(Bloomberg) -- Tropical Storm Julia has spun up in the central Caribbean, where it’s bringing heavy rain to Colombia and Venezuela and is on a path to hit Nicaragua on Sunday as a hurricane.

Julia, the Atlantic’s 10th storm in 2022, had top winds of 40 miles (64 kilometers) per hour as it churned about 110 miles west of the tip of Colombia’s Guajira Peninsula, the US National Hurricane Center said in an 11 a.m. New York time advisory. Hurricane watches and warnings extend across Colombia’s coast, as well as in Nicaragua.

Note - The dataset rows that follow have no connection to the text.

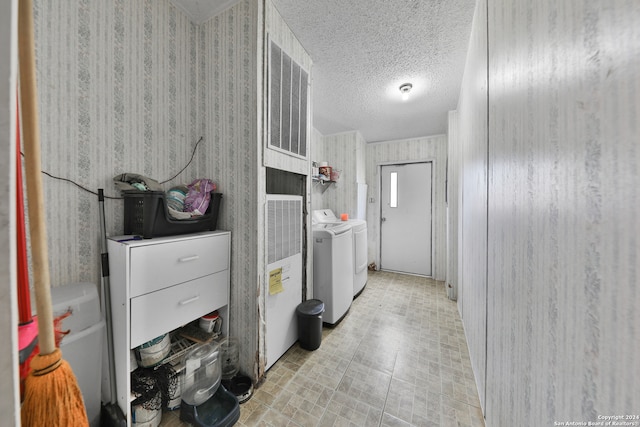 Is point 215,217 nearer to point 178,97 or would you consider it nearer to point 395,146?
point 178,97

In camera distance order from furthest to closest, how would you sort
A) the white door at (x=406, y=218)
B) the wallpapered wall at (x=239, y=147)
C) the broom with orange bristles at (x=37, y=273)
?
the white door at (x=406, y=218) → the wallpapered wall at (x=239, y=147) → the broom with orange bristles at (x=37, y=273)

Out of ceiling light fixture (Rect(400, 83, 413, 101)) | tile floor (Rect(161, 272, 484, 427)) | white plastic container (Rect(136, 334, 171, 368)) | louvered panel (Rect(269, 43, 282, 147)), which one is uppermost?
ceiling light fixture (Rect(400, 83, 413, 101))

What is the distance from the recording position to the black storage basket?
1062 mm

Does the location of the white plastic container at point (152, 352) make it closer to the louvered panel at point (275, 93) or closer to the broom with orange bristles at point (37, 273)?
the broom with orange bristles at point (37, 273)

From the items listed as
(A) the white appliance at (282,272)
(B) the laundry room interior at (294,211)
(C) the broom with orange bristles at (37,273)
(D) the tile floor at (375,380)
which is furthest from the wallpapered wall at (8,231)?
(D) the tile floor at (375,380)

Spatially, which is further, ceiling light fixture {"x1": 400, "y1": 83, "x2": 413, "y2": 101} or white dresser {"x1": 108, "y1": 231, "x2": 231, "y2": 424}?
ceiling light fixture {"x1": 400, "y1": 83, "x2": 413, "y2": 101}

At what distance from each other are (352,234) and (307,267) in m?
0.78

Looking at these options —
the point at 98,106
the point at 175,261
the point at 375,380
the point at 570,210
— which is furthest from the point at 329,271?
the point at 98,106

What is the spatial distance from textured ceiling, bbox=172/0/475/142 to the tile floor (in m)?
2.39

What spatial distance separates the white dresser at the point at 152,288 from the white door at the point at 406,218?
3.19 meters

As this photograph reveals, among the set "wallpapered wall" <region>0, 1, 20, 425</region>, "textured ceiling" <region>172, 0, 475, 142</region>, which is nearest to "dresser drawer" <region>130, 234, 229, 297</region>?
"wallpapered wall" <region>0, 1, 20, 425</region>

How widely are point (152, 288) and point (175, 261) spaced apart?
0.15 m

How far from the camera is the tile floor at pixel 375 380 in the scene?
118 centimetres

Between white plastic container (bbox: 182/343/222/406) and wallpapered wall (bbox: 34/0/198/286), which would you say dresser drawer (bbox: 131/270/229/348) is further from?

“Julia is forecast to become a hurricane by Saturday evening,” Robbie Berg, a senior hurricane specialist at the center, wrote in an analysis. “The potential for life-threatening flash flooding and mudslides is expected to spread to portions of Central America this weekend.”

The storm comes after hurricanes Ian and Fiona battered the US and Canada in the last few weeks. Ian has ripped a path of destruction across Florida, making it one of the worst storms ever to hit the state. Nova Scotia and Prince Edward Island also took damage earlier from Fiona.

Julia could strike Nicaragua as a Category 1 hurricane, the lowest on the five-step Saffir-Simpson scale. Upwards of 12 inches (30 centimeters) of rain could fall across Colombia, while Nicaragua and Honduras could see about 10 inches, with some isolated areas getting 15 inches.